7. D'autre part, la société requérante ne conteste pas qu'elle était rémunérée, en tout ou partie, en fonction de l'exploitation des sociétés concessionnaires, par la perception de redevances variant selon les quantités de produits licenciés vendues ou de contrats de sous-licence sous-jacents conclus, et se borne d'ailleurs à soutenir que le seul fait qu'elle soit rémunérée par des redevances calculées en prenant en compte le nombre de produits vendus n'est pas suffisant pour caractériser l'exercice d'une activité professionnelle.

8. Dans ces conditions, et alors même qu'il n'est pas contesté que la SAS Qiagen Marseille ne disposait plus de moyens humains et matériels pour exercer son activité, elle doit être regardée comme exerçant à titre habituel une activité professionnelle non salariée au sens et pour l'application des dispositions du I de l'article 1447 du code général des impôts.
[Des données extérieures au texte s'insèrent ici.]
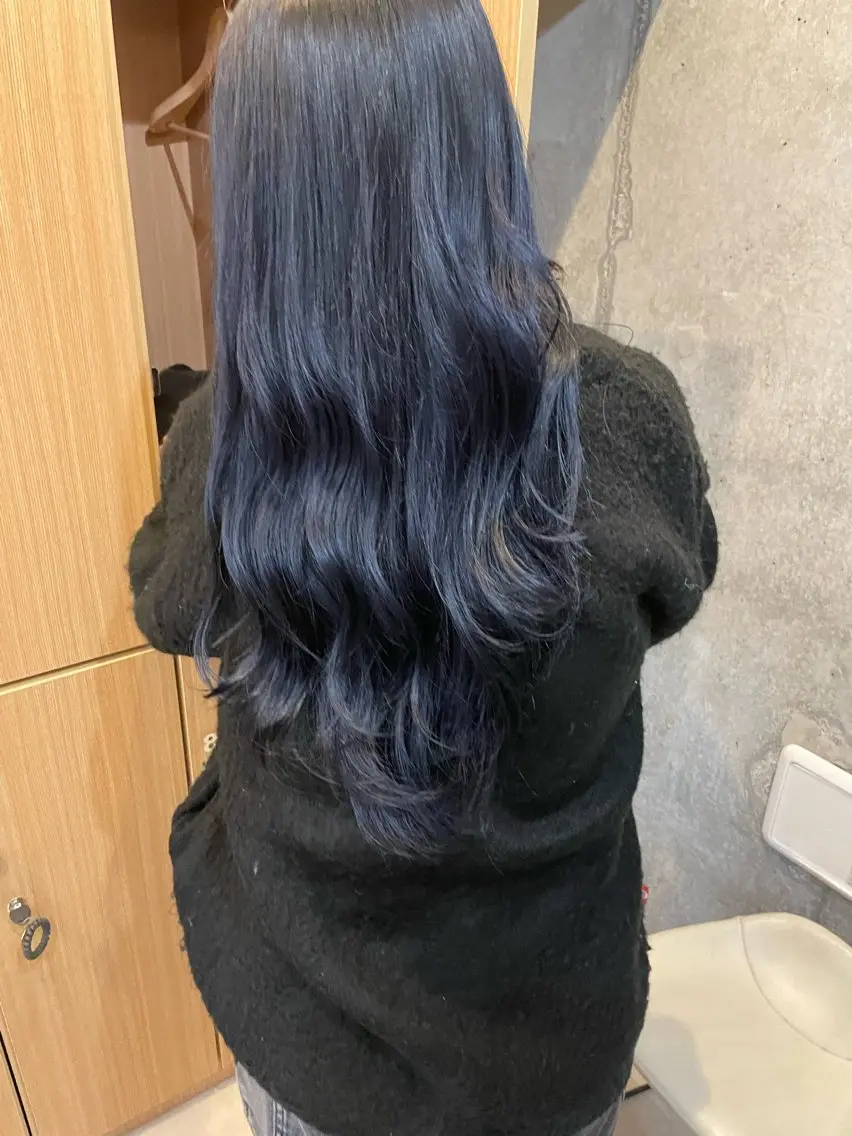 ロング ami Norl 国分寺のヘアスタイル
Par suite, ce moyen doit être écarté.

9. En second lieu, aux termes de l'article 23-1 de l'ordonnance du 7 novembre 1958 portant loi organique sur le Conseil constitutionnel : " Devant les juridictions relevant du Conseil d'Etat ou de la Cour de cassation, le moyen tiré de ce qu'une disposition législative porte atteinte aux droits et libertés garantis par la Constitution est, à peine d'irrecevabilité, présenté dans un écrit distinct et motivé. Un tel moyen peut être soulevé pour la première fois en cause d'appel. Il ne peut être relevé d'office ". Aux termes de l'article R. 771-3 du code de justice administrative : " Le moyen tiré de ce qu'une disposition législative porte atteinte aux droits et libertés garantis par la Constitution est soulevé, conformément aux dispositions de l'article 23-1 de l'ordonnance n° 58-1067 du 7 novembre 1958 portant loi organique sur le Conseil constitutionnel, à peine d'irrecevabilité, dans un mémoire distinct et motivé. Ce mémoire, ainsi que, le cas échéant, l'enveloppe qui le contient, portent la mention : " question prioritaire de constitutionnalité " ".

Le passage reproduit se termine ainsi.